Résumé Selon l'article L. 4122-1 du Code du travail (N° Lexbase : L1458H9U), il incombe à chaque travailleur de prendre soin, en fonction de sa formation et selon ses possibilités, de sa santé et de sa sécurité ainsi que de celles des autres personnes concernées par ses actes ou ses omissions au travail. |
I - La reconnaissance de l'obligation de sécurité des salariés
La loi du 31 décembre 1991 a introduit dans le Code du travail, faisant application des dispositions de Directives communautaires (1), l'obligation faite aux salariés de veiller à leur propre sécurité, ainsi qu'à celle de leurs collègues de travail (2).
Cette obligation figure aujourd'hui à l'article L. 4122-1 du Code du travail. Ce texte dispose que, "conformément aux instructions qui lui sont données par l'employeur, dans les conditions prévues au règlement intérieur pour les entreprises tenues d'en élaborer un, il incombe à chaque travailleur de prendre soin, en fonction de sa formation et selon ses possibilités, de sa santé et de sa sécurité ainsi que de celles des autres personnes concernées par ses actes ou ses omissions au travail. Les instructions de l'employeur précisent, en particulier lorsque la nature des risques le justifie, les conditions d'utilisation des équipements de travail, des moyens de protection, des substances et préparations dangereuses. Elles sont adaptées à la nature des tâches à accomplir. Les dispositions du premier alinéa sont sans incidence sur le principe de la responsabilité de l'employeur".
La Cour de cassation a fait une première application de cette obligation en 2002 (3) et en tire, depuis, des conséquences sur le plan disciplinaire pour admettre le licenciement pour faute grave de certains contrevenants (4), à l'instar de ce salarié licencié pour faute grave pour ne pas avoir porté le casque de sécurité obligatoire (5).
Soucieuse de limiter l'application de cette obligation aux cas les plus topiques, la Chambre sociale de la Cour de cassation a dégagé, depuis l'arrêt fondateur, plusieurs indices pour aider les juges du fond dans leur travail de qualification : ces derniers devront vérifier l'existence d'une délégation de pouvoirs, même si les salariés qui ne sont pas délégataires n'en demeurent pas moins responsables de leurs fautes (6) et tenir compte de la nature des tâches confiées au salarié et de la gravité de ses manquements (7) ainsi que de l'activité de l'entreprise (8).
La Cour s'est fondée sur cette obligation pour justifier le licenciement pour faute grave d'un salarié reconnu coupable de faits de harcèlement (9) ou qui tentait de contraindre les salariés placés sous son autorité de se soustraire aux règles de sécurité applicables dans l'entreprise (10).
C'est à une nouvelle illustration de cette obligation de sécurité qui pèse sur les salariés que nous convie la Chambre sociale de la Cour de cassation dans cet arrêt en date du 23 juin 2010, et publié au Bulletin.
II - La consécration de l'obligation d'agir pour assurer l'effectivité du droit à la sécurité des autres salariés
Dans cette affaire, le salarié licencié avait été engagé en 2000 comme chef magasinier, puis promu, en 2001, comme chef de magasin.
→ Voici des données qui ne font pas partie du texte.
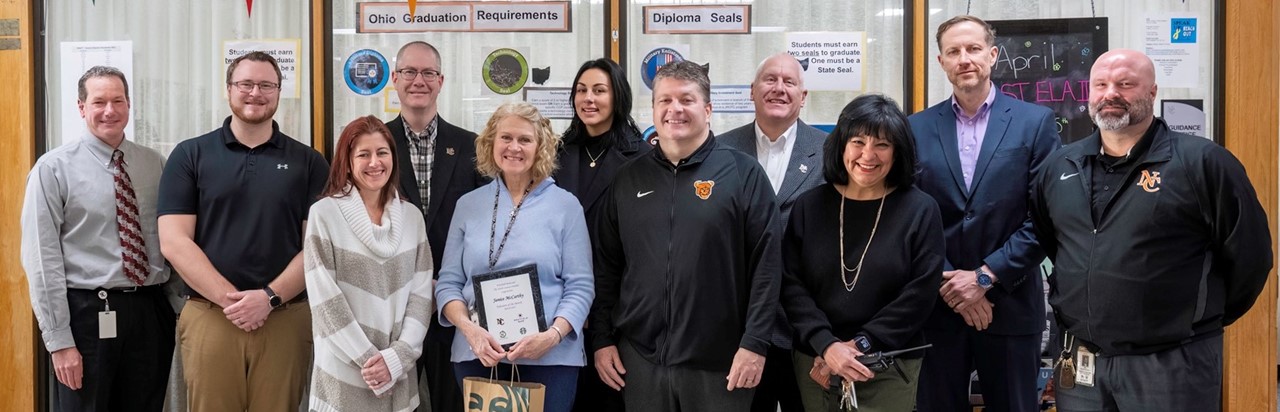 District and high school administration with community representatives honor blonde teacher in the middle of group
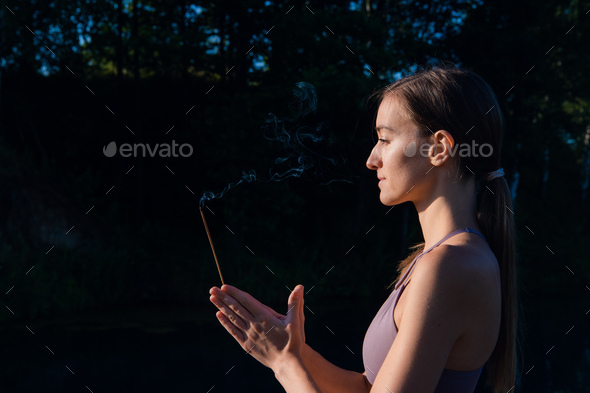 Yoga woman in sport clothes meditate and breathe on a sunrise in nature. Smoke from aromatic stick in hands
Dans le cadre de ses nouvelles fonctions, il avait reçu une délégation de pouvoirs à l'effet de prendre toutes mesures et toutes décisions en vue d'appliquer et de faire appliquer les prescriptions d'hygiène et de sécurité pour le personnel et les tiers dans le dépôt. Il avait fait l'objet d'un avertissement en octobre 2002 aux motifs que l'issue de secours était obstruée par des marchandises et que le dispositif de sécurité du portillon était hors d'usage, avant d'être licencié pour faute grave en janvier 2004 pour ne pas avoir fait réaliser des travaux de sécurisation d'une mezzanine, en dépit des nombreuses plaintes des salariés de l'entreprise. Le salarié avait saisi la juridiction prud'homale pour contester la validité de l'avertissement et le bien-fondé du licenciement et pour demander le paiement de diverses sommes.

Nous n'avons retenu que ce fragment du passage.